On the opportunities and challenges of doing business in Qatar, Auda said the investment opportunities in Qatar are numerous with construction powering ahead as the country prepares to host the 2022 World Cup.

In addition, the Vision 2030 plays a strong part in the investment opportunities for investors and a wide variety of sectors are also being developed.  The Qatari government is taking steps to improve the investment climate in the country.

The cabinet approved on 4 January 2018 a draft law for non-Qatari investors to attract more foreign capital. Under the new provisions, non-Qatari investors would be able to fund projects completely in the country.

According to the World Bank, Qatar ranks 83 in terms of ease of doing business (2017). This is comfortable with the 95 world average however it is behind its neighbours UAE (21), Bahrain (66), and Oman (71).
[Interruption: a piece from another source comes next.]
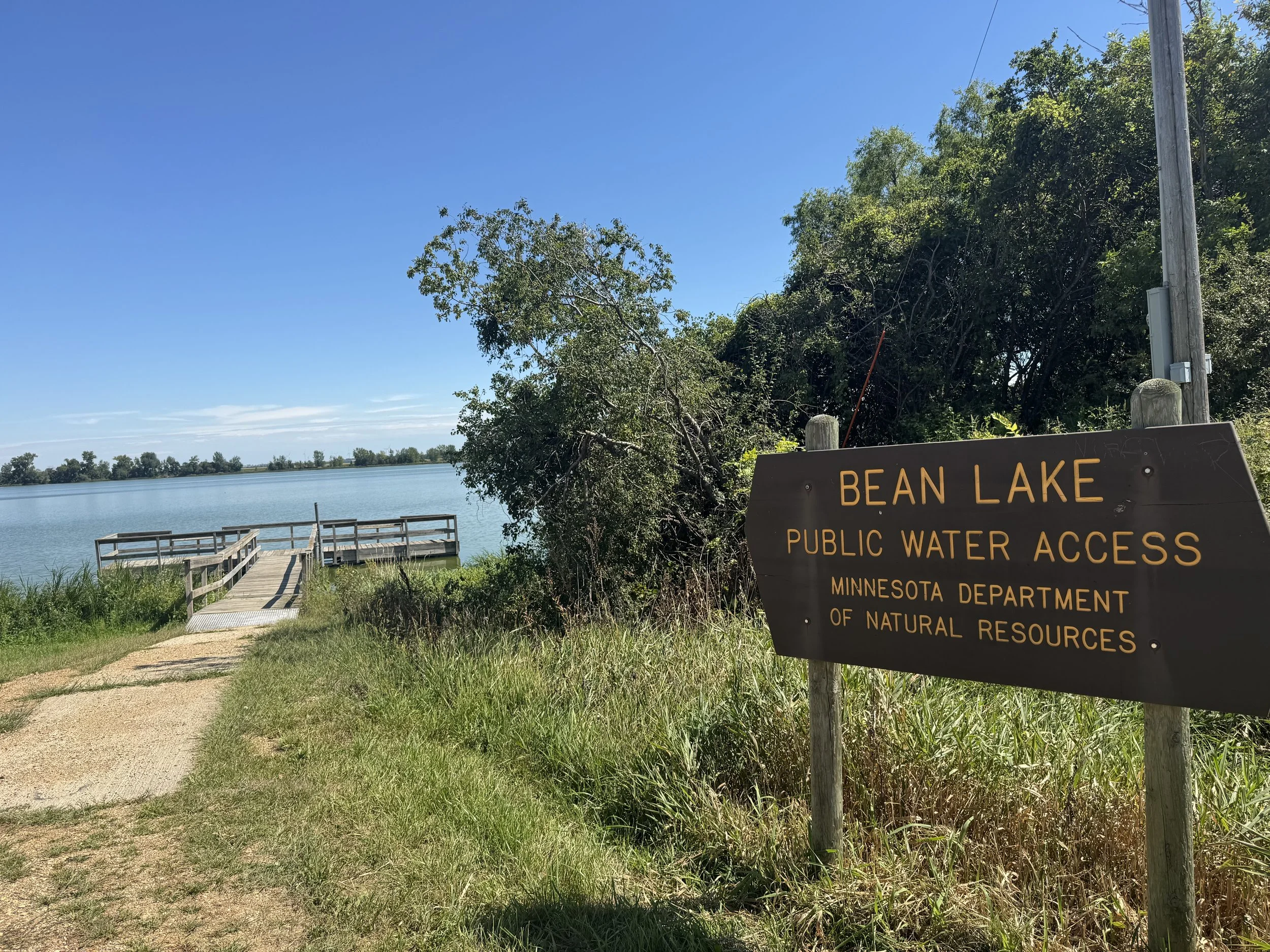 A view of Bean Lake with a wooden dock extending into the water, surrounded by trees and a clear blue sky. There is a sign indicating public water access from the Minnesota Department of Natural Resources.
The draft law for non-Qatari investors should assist with raising the rank of Qatar when compared to its neighbours and the Middle Eastern region, he said.

Qatar has successfully overcome the blockade imposed on it by some neighbouring countries. Despite the initial shock, the general economic condition in Qatar has improved since June 2017. In August 2017, the International Monetary Fund stated that the Qatari economy and financial markets continue to adjust to the effects of the diplomatic rift and that fiscal consolidation is proceeding, underpinned by current expenditure cuts and an increase in non-oil revenues. Moreover, the reform to the investment law and arbitration regime shows the importance placed by the Qatari government to continue to promote itself and develop its attractiveness as a centre for dispute resolution, Auda said.